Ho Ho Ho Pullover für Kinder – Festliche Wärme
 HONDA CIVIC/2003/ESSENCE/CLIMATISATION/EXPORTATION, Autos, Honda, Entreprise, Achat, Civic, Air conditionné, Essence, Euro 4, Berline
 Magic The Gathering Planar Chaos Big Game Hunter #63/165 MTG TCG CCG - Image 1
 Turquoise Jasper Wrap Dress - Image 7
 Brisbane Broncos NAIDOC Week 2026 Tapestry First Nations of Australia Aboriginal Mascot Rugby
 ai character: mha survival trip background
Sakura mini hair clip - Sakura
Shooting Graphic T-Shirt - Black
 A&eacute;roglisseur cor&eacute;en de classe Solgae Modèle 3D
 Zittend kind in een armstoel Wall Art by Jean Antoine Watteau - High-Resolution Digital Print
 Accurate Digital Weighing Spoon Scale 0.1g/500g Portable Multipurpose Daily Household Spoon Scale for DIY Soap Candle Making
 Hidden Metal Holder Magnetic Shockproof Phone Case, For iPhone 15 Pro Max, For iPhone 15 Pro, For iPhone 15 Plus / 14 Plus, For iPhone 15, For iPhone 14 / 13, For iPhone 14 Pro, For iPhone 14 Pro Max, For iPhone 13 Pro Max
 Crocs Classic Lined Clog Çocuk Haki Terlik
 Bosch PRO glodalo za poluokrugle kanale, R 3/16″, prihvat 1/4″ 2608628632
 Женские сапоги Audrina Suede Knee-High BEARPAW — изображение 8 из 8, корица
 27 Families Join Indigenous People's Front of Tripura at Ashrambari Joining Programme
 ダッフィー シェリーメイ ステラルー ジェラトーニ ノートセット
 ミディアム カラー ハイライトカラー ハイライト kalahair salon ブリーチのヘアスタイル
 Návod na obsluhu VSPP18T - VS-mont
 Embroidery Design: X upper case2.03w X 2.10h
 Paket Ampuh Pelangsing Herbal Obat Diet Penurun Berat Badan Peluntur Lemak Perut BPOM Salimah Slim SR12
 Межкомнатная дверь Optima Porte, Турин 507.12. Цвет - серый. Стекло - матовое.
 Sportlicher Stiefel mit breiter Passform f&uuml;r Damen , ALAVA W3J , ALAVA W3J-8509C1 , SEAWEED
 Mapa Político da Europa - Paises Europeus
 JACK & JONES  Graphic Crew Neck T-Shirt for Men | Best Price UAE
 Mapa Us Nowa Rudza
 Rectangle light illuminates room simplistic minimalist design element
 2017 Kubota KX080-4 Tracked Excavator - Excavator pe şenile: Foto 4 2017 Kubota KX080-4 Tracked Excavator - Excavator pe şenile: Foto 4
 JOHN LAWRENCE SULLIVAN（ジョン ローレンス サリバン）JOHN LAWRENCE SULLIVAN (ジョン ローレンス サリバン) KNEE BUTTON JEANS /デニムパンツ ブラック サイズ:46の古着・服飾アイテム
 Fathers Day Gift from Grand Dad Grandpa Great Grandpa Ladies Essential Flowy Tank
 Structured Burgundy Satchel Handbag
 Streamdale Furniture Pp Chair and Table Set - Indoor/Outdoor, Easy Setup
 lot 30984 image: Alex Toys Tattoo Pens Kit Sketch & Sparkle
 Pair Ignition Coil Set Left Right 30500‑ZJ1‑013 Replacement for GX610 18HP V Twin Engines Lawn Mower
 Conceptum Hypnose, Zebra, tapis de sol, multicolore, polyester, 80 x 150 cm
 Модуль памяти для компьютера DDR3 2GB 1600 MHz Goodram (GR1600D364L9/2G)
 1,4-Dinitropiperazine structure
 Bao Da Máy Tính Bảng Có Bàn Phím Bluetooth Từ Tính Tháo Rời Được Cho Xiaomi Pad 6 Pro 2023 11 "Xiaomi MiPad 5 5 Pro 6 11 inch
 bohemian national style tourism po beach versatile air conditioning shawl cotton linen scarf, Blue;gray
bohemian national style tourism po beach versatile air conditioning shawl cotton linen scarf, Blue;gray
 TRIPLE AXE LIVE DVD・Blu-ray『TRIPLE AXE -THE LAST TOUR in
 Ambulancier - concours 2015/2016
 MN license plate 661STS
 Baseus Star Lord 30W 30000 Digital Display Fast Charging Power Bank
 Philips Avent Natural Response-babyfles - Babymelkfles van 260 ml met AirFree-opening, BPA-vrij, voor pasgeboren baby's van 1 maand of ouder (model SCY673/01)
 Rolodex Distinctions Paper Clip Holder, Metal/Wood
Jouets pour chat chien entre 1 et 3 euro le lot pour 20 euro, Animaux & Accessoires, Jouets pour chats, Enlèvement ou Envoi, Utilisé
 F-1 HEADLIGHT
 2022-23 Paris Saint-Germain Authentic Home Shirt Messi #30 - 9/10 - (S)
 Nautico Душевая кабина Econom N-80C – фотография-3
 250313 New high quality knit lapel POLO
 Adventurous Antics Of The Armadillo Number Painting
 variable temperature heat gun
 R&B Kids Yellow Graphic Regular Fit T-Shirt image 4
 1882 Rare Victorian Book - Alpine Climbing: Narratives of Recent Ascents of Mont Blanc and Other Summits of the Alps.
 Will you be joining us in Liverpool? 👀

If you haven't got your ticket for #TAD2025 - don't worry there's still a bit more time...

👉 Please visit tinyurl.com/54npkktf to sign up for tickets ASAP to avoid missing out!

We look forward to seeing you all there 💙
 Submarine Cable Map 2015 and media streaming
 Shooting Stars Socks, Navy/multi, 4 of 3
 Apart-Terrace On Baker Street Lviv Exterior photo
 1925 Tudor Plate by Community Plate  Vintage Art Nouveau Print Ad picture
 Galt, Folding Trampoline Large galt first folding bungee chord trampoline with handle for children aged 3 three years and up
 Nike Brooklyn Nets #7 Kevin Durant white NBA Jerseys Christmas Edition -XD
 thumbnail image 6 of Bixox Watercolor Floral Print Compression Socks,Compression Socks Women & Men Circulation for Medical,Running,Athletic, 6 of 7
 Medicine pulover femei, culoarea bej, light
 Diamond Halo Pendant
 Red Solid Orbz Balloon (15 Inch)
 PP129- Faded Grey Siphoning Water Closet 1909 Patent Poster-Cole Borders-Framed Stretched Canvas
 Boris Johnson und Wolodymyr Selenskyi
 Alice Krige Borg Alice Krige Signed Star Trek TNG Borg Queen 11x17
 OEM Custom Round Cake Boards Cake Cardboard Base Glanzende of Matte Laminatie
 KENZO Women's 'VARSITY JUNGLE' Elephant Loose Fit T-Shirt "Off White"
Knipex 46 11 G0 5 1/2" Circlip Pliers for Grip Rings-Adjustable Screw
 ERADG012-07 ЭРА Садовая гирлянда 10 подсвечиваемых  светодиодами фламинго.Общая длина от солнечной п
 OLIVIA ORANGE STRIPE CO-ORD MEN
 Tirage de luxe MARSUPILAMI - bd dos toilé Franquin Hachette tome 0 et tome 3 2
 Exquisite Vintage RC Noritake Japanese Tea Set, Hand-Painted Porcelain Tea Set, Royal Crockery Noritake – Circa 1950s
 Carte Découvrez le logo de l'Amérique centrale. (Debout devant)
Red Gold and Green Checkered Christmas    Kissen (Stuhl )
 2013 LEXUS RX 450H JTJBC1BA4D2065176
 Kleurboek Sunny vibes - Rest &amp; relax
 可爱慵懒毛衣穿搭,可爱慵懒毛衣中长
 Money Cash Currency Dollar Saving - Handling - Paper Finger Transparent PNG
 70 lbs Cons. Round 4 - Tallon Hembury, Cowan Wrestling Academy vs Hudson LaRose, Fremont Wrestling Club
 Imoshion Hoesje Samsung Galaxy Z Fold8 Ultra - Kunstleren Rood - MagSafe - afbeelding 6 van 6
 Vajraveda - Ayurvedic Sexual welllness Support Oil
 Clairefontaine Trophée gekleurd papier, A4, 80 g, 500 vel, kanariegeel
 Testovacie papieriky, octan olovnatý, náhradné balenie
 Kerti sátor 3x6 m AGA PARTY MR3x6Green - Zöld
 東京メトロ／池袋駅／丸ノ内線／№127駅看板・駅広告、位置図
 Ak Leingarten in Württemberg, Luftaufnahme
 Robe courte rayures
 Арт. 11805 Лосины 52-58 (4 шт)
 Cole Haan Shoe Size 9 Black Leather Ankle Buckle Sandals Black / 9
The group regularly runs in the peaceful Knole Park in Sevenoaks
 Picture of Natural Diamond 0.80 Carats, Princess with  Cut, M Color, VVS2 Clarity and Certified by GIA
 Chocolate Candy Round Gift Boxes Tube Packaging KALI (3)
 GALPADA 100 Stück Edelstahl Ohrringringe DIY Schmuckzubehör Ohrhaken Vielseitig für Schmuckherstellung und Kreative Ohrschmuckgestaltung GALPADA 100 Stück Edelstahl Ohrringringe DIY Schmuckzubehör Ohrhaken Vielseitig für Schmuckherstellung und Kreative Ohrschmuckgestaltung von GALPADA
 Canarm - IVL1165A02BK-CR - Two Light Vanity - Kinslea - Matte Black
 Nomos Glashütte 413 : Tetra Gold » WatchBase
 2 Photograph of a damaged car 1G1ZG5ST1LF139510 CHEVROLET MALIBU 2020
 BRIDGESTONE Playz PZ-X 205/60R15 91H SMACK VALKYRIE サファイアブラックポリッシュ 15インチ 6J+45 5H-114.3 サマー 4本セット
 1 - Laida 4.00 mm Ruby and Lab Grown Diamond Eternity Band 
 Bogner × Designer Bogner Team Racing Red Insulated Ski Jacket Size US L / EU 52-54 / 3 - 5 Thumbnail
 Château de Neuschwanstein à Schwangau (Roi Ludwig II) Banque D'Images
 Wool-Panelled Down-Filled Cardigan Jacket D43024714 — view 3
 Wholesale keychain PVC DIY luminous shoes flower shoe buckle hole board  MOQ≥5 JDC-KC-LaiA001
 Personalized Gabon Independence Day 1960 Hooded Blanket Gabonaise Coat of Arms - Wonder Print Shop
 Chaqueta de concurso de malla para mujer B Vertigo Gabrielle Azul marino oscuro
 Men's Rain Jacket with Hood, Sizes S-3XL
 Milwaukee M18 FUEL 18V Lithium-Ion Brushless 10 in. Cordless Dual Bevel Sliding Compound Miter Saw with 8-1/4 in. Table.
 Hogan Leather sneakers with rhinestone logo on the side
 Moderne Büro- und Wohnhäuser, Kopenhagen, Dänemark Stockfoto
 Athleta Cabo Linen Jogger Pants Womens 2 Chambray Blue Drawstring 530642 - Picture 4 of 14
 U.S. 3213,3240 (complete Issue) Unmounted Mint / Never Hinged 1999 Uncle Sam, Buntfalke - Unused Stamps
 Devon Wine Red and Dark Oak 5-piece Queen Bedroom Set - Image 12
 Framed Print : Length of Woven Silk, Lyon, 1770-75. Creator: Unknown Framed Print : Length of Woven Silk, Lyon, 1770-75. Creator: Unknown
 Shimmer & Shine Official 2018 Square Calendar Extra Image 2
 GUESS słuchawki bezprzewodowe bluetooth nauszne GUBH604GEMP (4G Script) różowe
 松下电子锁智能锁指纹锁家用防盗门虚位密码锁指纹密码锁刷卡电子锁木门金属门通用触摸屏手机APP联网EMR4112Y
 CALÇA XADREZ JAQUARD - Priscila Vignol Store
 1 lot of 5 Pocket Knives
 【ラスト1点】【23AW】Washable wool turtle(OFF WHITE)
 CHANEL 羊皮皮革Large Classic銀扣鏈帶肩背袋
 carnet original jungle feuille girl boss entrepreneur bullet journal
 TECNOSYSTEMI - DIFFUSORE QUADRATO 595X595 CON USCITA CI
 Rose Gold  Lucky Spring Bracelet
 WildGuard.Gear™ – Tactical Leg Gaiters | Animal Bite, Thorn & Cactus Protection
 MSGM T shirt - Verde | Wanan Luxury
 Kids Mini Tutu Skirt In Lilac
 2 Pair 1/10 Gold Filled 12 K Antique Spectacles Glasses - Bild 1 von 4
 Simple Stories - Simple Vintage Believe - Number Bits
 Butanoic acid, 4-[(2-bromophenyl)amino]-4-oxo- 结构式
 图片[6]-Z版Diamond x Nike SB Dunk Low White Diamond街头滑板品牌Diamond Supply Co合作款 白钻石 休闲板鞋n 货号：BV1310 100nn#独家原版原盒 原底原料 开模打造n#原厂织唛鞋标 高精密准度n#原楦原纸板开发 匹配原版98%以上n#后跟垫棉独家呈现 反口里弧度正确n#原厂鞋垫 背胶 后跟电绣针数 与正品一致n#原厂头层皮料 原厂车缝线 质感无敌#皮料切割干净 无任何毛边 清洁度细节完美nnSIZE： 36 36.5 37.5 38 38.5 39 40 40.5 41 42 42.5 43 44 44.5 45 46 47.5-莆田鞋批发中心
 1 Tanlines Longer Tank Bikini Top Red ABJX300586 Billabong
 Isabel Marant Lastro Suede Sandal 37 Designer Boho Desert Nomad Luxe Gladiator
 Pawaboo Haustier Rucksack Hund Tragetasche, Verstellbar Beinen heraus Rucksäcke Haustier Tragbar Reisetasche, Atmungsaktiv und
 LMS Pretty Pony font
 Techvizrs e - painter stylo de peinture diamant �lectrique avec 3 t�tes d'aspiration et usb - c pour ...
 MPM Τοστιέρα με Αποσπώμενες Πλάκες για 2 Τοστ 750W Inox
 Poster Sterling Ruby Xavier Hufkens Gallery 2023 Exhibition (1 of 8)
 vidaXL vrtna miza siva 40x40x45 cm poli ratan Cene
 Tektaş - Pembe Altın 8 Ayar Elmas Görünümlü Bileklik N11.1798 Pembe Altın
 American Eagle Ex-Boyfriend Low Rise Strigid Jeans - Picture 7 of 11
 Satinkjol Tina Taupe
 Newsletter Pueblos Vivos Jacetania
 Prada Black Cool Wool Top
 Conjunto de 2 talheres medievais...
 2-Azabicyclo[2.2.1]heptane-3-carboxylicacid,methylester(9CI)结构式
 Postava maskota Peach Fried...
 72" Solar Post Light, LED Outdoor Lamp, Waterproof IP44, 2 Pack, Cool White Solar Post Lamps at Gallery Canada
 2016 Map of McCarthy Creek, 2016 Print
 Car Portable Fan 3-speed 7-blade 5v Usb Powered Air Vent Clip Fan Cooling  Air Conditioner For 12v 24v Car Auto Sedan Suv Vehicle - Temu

☆ ☆ ☆ ☆

What you should do - Looking at the data above, write out exactly the lines that start at the one containing "413 : Tetra" and end at the one containing "Hogan Leather sneakers"; include both and nothing beyond.

Answer to the exercise -
 Nomos Glashütte 413 : Tetra Gold » WatchBase
 2 Photograph of a damaged car 1G1ZG5ST1LF139510 CHEVROLET MALIBU 2020
 BRIDGESTONE Playz PZ-X 205/60R15 91H SMACK VALKYRIE サファイアブラックポリッシュ 15インチ 6J+45 5H-114.3 サマー 4本セット
 1 - Laida 4.00 mm Ruby and Lab Grown Diamond Eternity Band 
 Bogner × Designer Bogner Team Racing Red Insulated Ski Jacket Size US L / EU 52-54 / 3 - 5 Thumbnail
 Château de Neuschwanstein à Schwangau (Roi Ludwig II) Banque D'Images
 Wool-Panelled Down-Filled Cardigan Jacket D43024714 — view 3
 Wholesale keychain PVC DIY luminous shoes flower shoe buckle hole board  MOQ≥5 JDC-KC-LaiA001
 Personalized Gabon Independence Day 1960 Hooded Blanket Gabonaise Coat of Arms - Wonder Print Shop
 Chaqueta de concurso de malla para mujer B Vertigo Gabrielle Azul marino oscuro
 Men's Rain Jacket with Hood, Sizes S-3XL
 Milwaukee M18 FUEL 18V Lithium-Ion Brushless 10 in. Cordless Dual Bevel Sliding Compound Miter Saw with 8-1/4 in. Table.
 Hogan Leather sneakers with rhinestone logo on the side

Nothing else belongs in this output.